All the same, it is possible that the next government, which is due to take over in January 2003, may be more interventionist than the outgoing administration of President Fernando Henrique Cardoso. Even so, it is scarcely credible that Brazil would ever move back to the protectionist, statist policies that were in force for most of post-World War II period.
Most companies have made the transition to a truly free-market economy as best they could. For instance, Andrade Gutierrez, a construction company that grew fat on public sector contracts, has reinvented itself as a provider of privatized public services. As recently as 1994, the government provided 90% of Andrade Gutierrez’s revenues. Since then, state contracts have fallen to 30% of revenues and the company has diversified into telecoms and privatization concessions. It is the largest Brazilian private-sector shareholder in Telemar, the country’s second-largest telephone company.
Some Struggling
Others are struggling. Many family-owned companies, bitterly divided by succession disputes, suffering from capital depletion or poor management have a difficult future ahead. They will be bought out by stronger local or international groups or will go bust. The finance director of a company struggling with over $1 billion in debt and an 85% debt ratio says, “The problem of this company is that it cannot generate the resources it needs to finance growth. Our level of indebtedness is limited. We need to sell assets to partners and reduce costs across the group, to get a better valuation so we can engage in an IPO process in one to two years’ time.”
Stronger groups not beholden to family interests acted earlier. Three years ago, Embraer, the privatized regional jet maker, sold 20% of its voting stock to a group of French aviation companies. Cia. Brasileira de Distribuição, a family-owned supermarket company that is Brazil’s second-biggest retail chain, also sold a minority stake to Casino, the French retailer. Clearly, it is possible for successful companies to remain under majority family control. There are many examples of healthy companies like Weg, the electric motor company, steel maker Gerdau, Klabin and Suzano. However, these tend to be names that have resolved succession disputes or turned management over to professional executives.
Limited access to capital remains a critical weakness for all Brazilian companies. Rising competition has eroded their profit margins that used to be big enough to generate earnings to finance investments. As a result, companies are beginning to take the equity market more seriously than before as a source of raising capital.

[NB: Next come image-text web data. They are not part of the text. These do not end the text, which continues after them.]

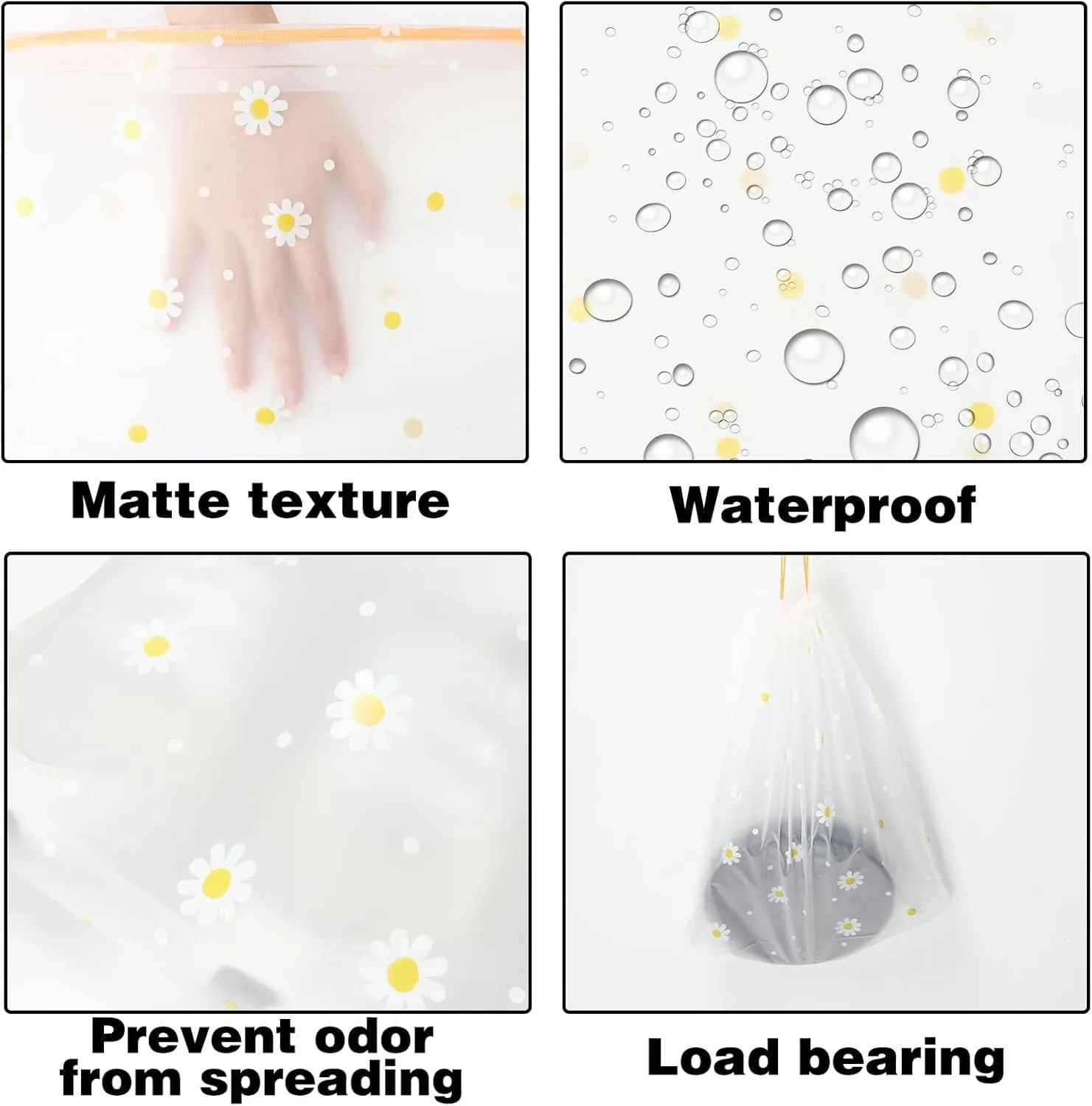12Pcs Shoe Bags For Travel, 11.8in X 13.8in Large Clear Shoes Storage Organizer with Drawstring, Waterproof Travel Storage Bags for Packing Dust Bags for Men and Women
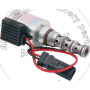 solenoid 195-9700 for cat tracors solenoid 195-9700 for cat tracors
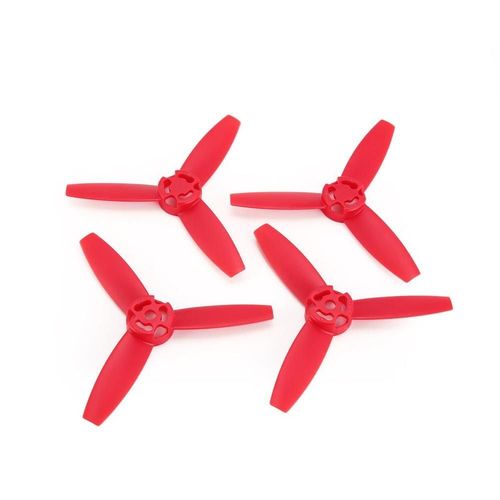 2 Paires D'hlices Cw/Ccw Pour Parrot Bebop 3.0 Rc Drone Quadcopter Avion Uav, Pices De Rechange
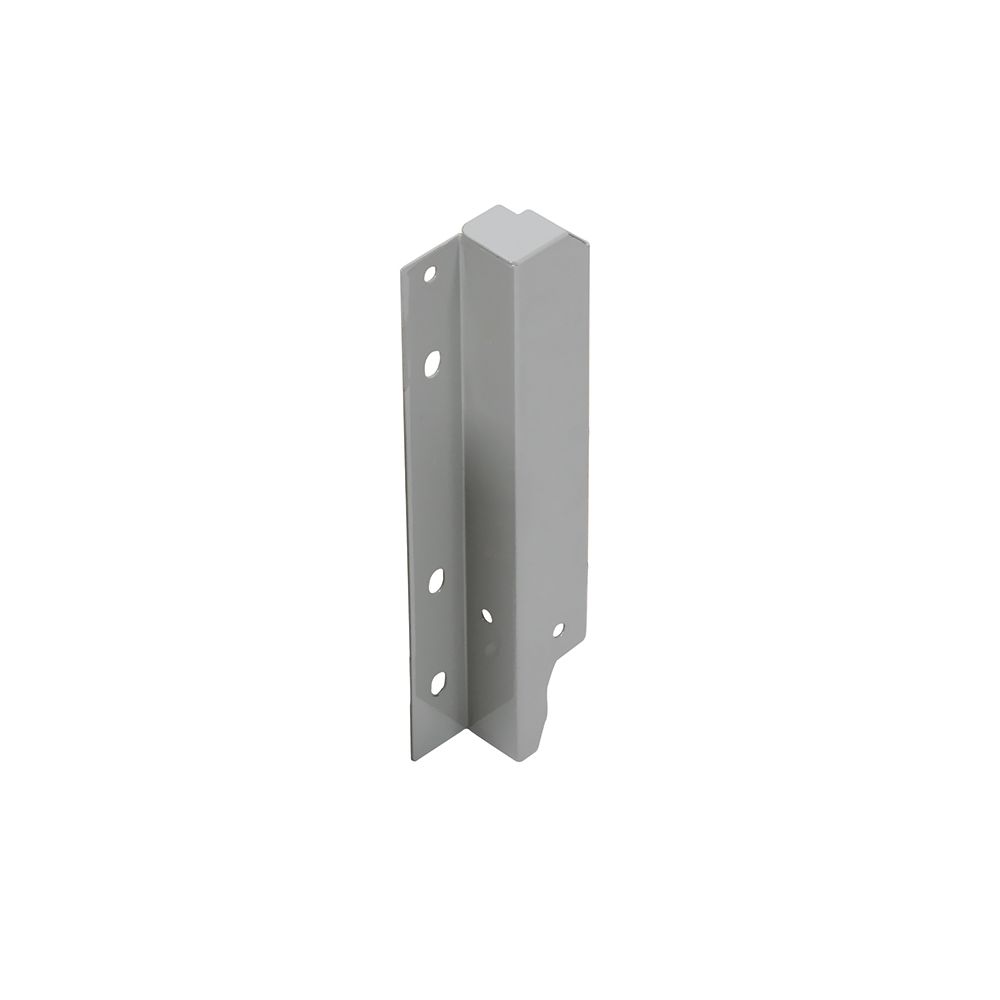 Back Panel mounting for drawers Comfort Box H-164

Odebrecht Oleo e Gas, the energy arm of the Odebrecht Group, mandated Dresdner Kleinwort Wasserstein to mount either an IPO or locate a strategic investor. This is part of a plan for Odebrecht’s operating companies to raise financing from debt or equity markets, rather than relying on support from the parent company. CCR, a highway concession operator, went public in January by floating 20% of its equity on the São Paulo Stock Exchange, the first IPO in Brazil since May 2000. The market’s Ibovespa index has fallen by nearly half and volumes have shrunk by over 70% in dollar terms in the last two years.
Financial Constraints
Capital starvation affects the largest and smallest companies in Brazil. Small companies rarely grow into larger ones simply because they cannot raise enough debt or equity capital to expand. They have no access to the capital markets and bank loans are prohibitively expensive, even when banks agree to lend. Banco Fator’s Walter Appel says small companies are stuck in a financial Catch 22. “Brazilian companies can only grow if they are capitalized and they can’t grow with debt. There is no access to the capital market. It is hell being a small Brazilian company.”
Brazil is fortunate that is has an organization like Banco Nacional de Desenvolvimento Economico e Social (BNDES), the government-owned development bank. It lends at about 12% a year in reais to companies that qualify for support. Although BNDES provides $12 billion annually in financing in loans or through capital market operations, its resources are limited (see Capital Markets section, pages 16 through 25).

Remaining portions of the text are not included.